While the military has a distinct disadvantage compared to the civilian world in terms of its ability to use financial incentives to affect behavior, it has a large advantage in routinizing behavior once it has been developed and transforming temporary values into long term cultural norms. It does this by inserting the behavior and values it intends to promulgate into its formal and informal training and education systems, and into its regulations and standard operating procedures. Once a behavior becomes part of training reports and syllabi in boot camps, NCO schools, and staff and war colleges, it is likely to be there to stay.
The military is still at a relatively early stage in attempting to improve energy behavior. Far-sighted civilian leaders such as former Secretary of the Air Force, Michael Wynne; Secretary of the Navy, Ray Mabus and Deputy Assistant Secretary of the Navy for Energy, Tom Hicks, have provided strong leadership. Within the last few years senior military commanders, such as the Commandant of the Marine Corps, have strongly backed energy culture change. Nevertheless, much work remains to be done.

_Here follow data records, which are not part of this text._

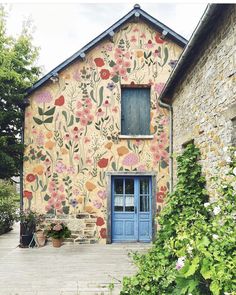 an old building with flowers painted on the side and blue door, surrounded by greenery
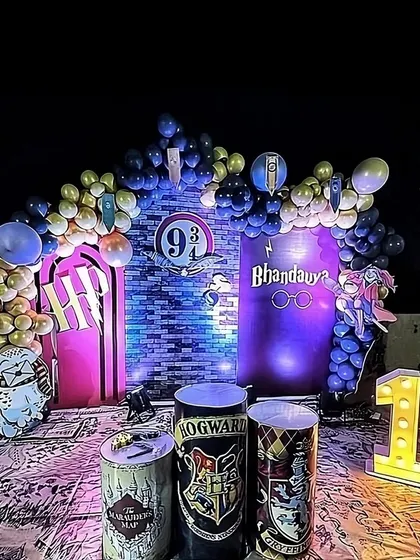 A magical Harry Potter themed birthday for a 10th birthday celebration. The decor features a Platform 9 3/4 backdrop, house crest props, and a balloon arch in house colors, all set up on a terrace for a nighttime event.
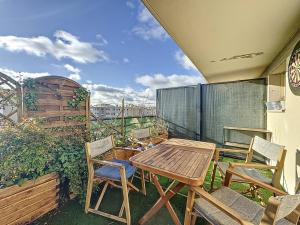 eine Terrasse mit einem Holztisch und Stühlen auf dem Balkon in der Unterkunft Duplex Prestige 5p RER Paris 15 min in Joinville-le-Pont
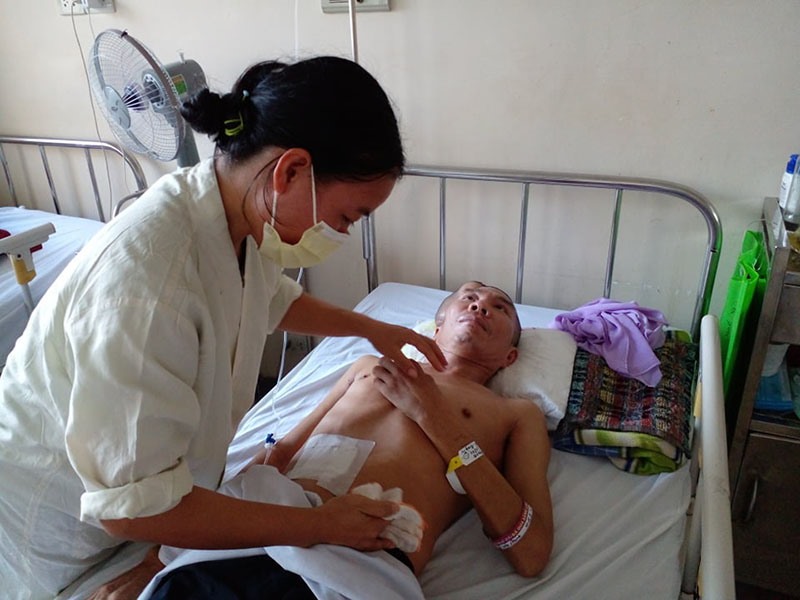 Chị Trần Thị Mùi chăm sóc chồng tại Bệnh viện Trung ương Huế - Ảnh: NVCC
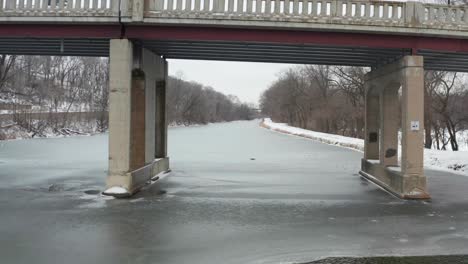 Flying-under-small-bridge-past-touristic-boat-on-frozen-river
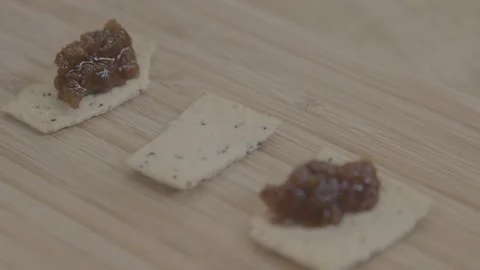 Hand Adding Relish to Crackers on Wooden Board at Sydney Market Food Stall Stock Footage 345715927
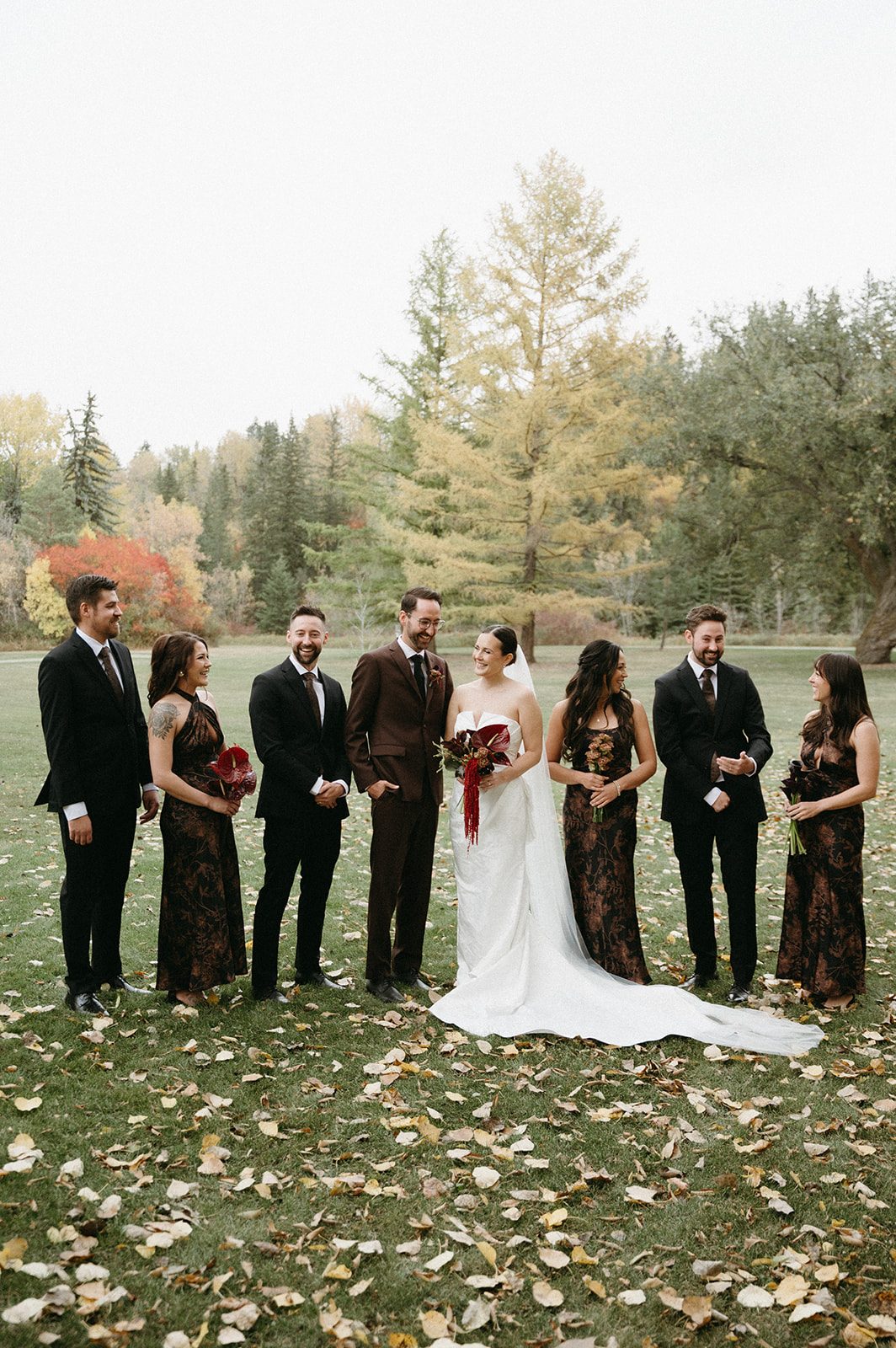 Andi + Logan Fall wedding party in rich brown and black with sculptural wedding flowers in burgundy tones.
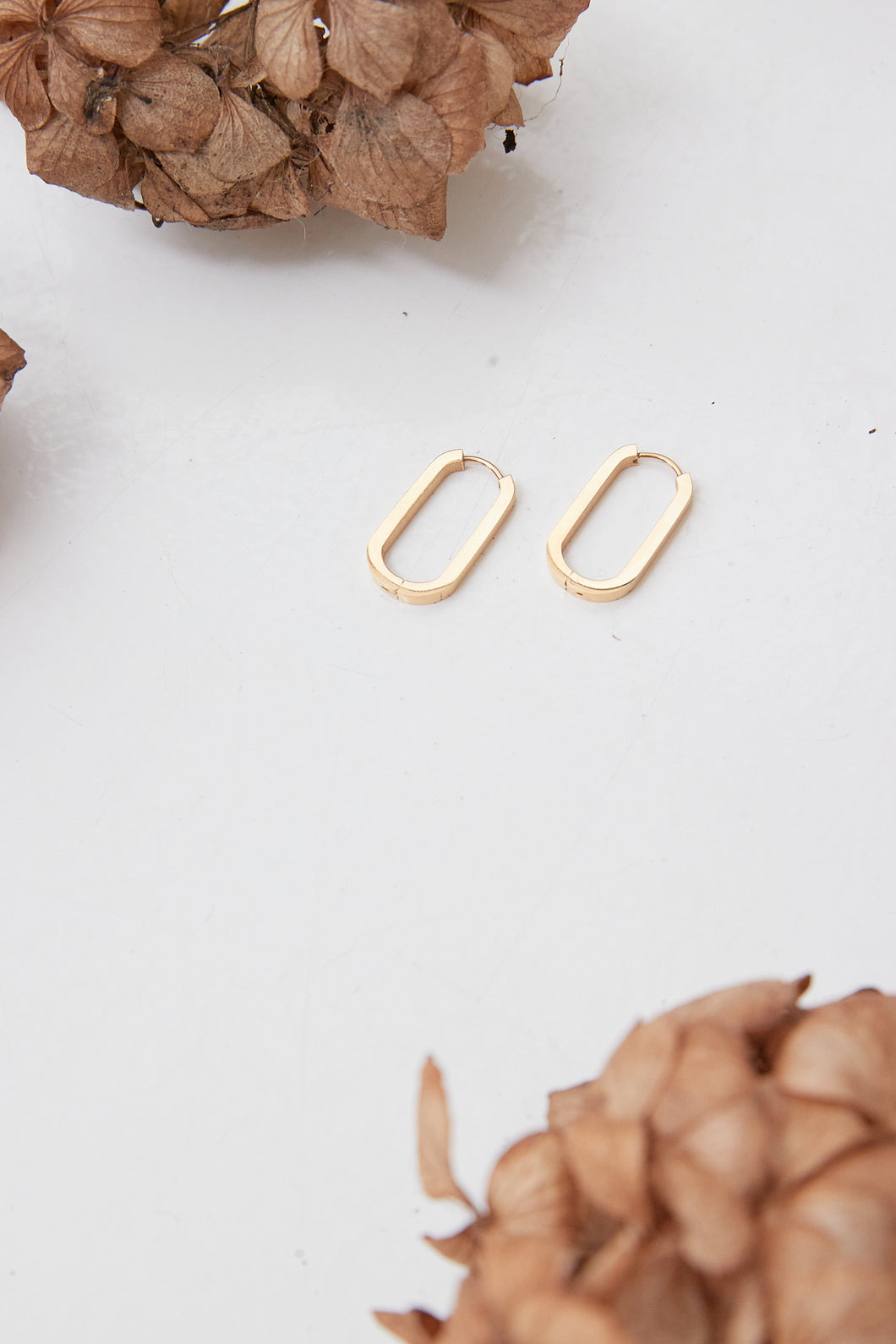 oval long thick gold earrings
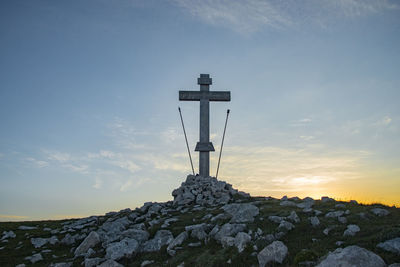 Low angle view of cross tower against sky during sunset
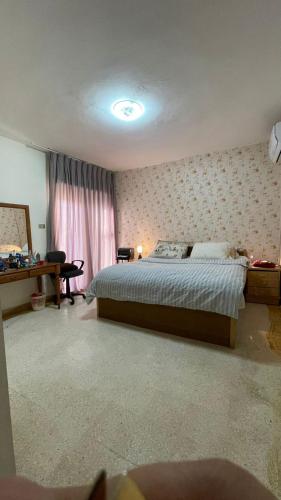 sypialnia z łóżkiem, biurkiem i oknem w obiekcie zainab house w mieście Amman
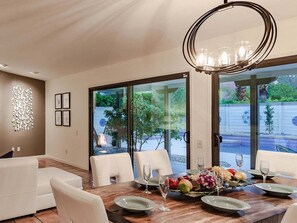 Un coin repas avec une table en bois dressée pour quatre personnes, un lustre et une vue sur une piscine, visible à travers des portes vitrées.
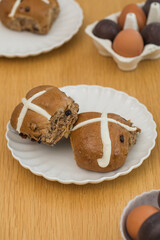 Hot cross buns on white plate on wooden table. Happy Easter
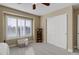Bright bedroom featuring neutral walls, shutters, closet, and carpet at 10914 W Coco Pl, Littleton, CO 80127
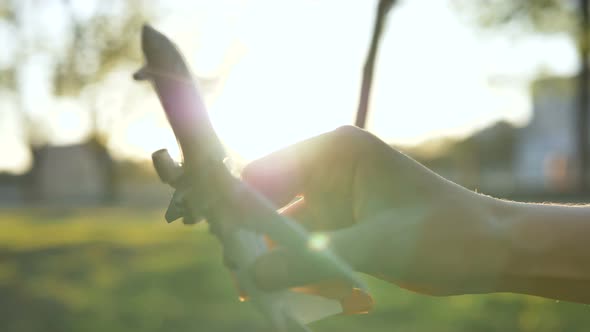 Model Toy Airplane in Hands Flying in Air, the Concept of Travel and the Lifting of Quarantine, Slow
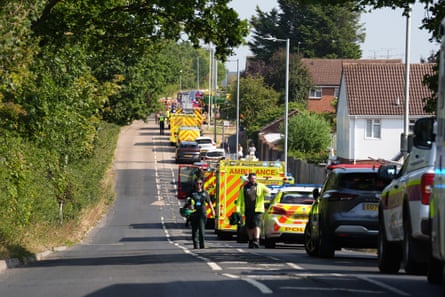 A line of police cars, ambulances, fire engines and other traffic on a two-lane road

Currently, three principle hurdles remain for the military’s energy behavior change project. The first is that the Department of Defense is not used to dealing with the softer sciences. Current standard operating procedures make it far easier for the DoD to spend $10 million to buy a more efficient generator than to spend $10 thousand in a campaign to reduce energy use – even if both are likely to achieve the same long term energy savings. Second, the science related to changing energy behavior has been developed for civilian institutions. While many of the lessons learned in industry and academe apply to the military, few do so without a good deal of adaptation, and adapting these methods will require a good deal of work. Finally, the “valley of death” that prevents the vast majority of new physical technology from moving from the lab to the field applies equally to the soft-technology aimed at changing energy behavior. Moving this emerging technology from the lab to the field will require widespread implementation and testing on military installations.
Three years after its experiment at Fort Belvoir, the military is making strides toward one of the most promising methods of improving energy efficiency in its installations and operations. Improving energy behavior has the potential to make the military significantly leaner and more effective. Although hurdles remain for this innovative new approach, the future looks promising.